By Seth Borenstein, scientific writer AP
Washington (AP) – American butterflies disappear due to insecticides, climate change and loss of habitat, the number of winged beauties decreased by 22% since 2000, according to a new study.
The first systematic analysis at the scale of the country of the abundance of butterflies revealed that the number of butterflies in the 48 lower states has dropped on average 1.3% per year since the beginning of the century, with 114 species showing significant declines and only nine increases, according to a study of the journal Science of Thursday.
“Butterflies have decreased in the past 20 years,” said the study co-author, Nick Haddad, entomologist at Michigan State University. “And we see no sign that it will end.”
A team of scientists combined 76,957 surveys of 35 surveillance programs and mixed them for an apple comparison and ended up having 12.6 million butterflies during the decades. Last month, an annual survey that turned just on the monarch butterflies, which federal officials planned to put on the list of endangered species, had a low of less than 10,000 people, against 1.2 million in 1997.
Many decline species have dropped by 40% or more.
David Wagner, an entomologist from the University of Connecticut who was not part of the study, praised his scope. And he said that if the annual decline rate may not seem significant, it is “catastrophic and sad” when aggravated over time.
“In just 30 or 40 years, we are talking about losing half of the butterflies (and other insects) on a continent!” Wagner said in an email. “The tree of life is bare to unprecedented rates.”
The United States has 650 species of butterflies, but 96 species were so sparse that it did not arise in the data and 212 other species were not found in a sufficient number to calculate trends, said Collin Edwards, a study of the study, an ecologist and scientist of the Washington Data Department of Fish and Wildlife.
“I am probably the most worried about species that could not even be included in the analyzes” because they were so rare, “said Karen Oberhauser of the University of Wisconsin-Madison, which was not part of the research.
Haddad, who specializes in rare butterflies, said in recent years, he had only seen two Satyr St. Francis butterflies disappearing – who live only on a range of Bragg’s Bragg bombs in North Carolina – “so he could be extinguished.”
Some well -known species had large drops. The red admiral, who is so calm that he lands on people, is down 44% and the American butterfly, with two large eyes on his rear wings, decreased by 58%, said Edwards.
Even the invasive white cabbage butterfly, “a species well suited to invade the world”, according to Haddad, dropped by 50%.
“How can it be?” Haddad wondered.
The butterfly expert at Cornell University, Anurag Agrawal, said that he was the most worried about the future of a different species: humans.
“The loss of butterflies, parrots and porpoises is undoubtedly a bad sign for us, the ecosystems we need and the nature we appreciate,” said Agrawal, who was not part of the study, in an email. “They tell us that the health of our continent is not doing so well … Butterflies are an ambassador for the beauty of nature, fragility and interdependence of species. They have something to teach us.
Oberhauser said that butterflies connect people to nature and that “calms us, makes us healthier and happier and promotes learning”.
What happens to butterflies in the United States probably arrives at other less studied insects through the continent and the world, Wagner said. He said that not only is it the most complete butterfly study, but the richest in data for any insect.
Butterflies are also pollinators, but not as prominent as bees, and are a major source of pollination of Cotton Harvest in Texas, said Haddad.
The greatest decrease in butterflies has been in the southwest – Arizona, New Mexico, Texas and Oklahoma – where the number of butterflies has dropped more than half during the 20 years.

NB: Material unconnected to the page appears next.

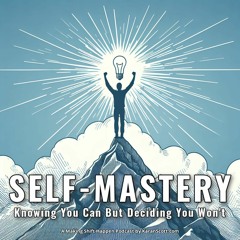 Self-Mastery: Knowing You Can But Deciding You Won't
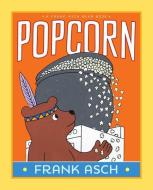Popcorn di Frank Asch edito da ALADDIN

“It seems that butterflies that are in dry and hot areas are particularly bad,” said Edwards. “And this kind of capture a lot of southwest.”
Edwards said that when they looked at species of butterflies that lived both in the warmer and cooler south in the north, those who did better were in cooler areas.
Climate change, loss of habitat and insecticides tend to work together to weaken butterfly populations, said Edwards and Haddad. Of the three, it seems that insecticides are the largest cause, based on previous research from the US Midwest, said Haddad.
“It makes sense because the use of insecticides has changed dramatically over time since the start of our study,” said Haddad.
Habitats can be restored and butterflies too, so there is hope, said Haddad.
“You can make changes to your garden and in your neighborhood and your condition,” said Haddad. “It could really improve the situation of many species.”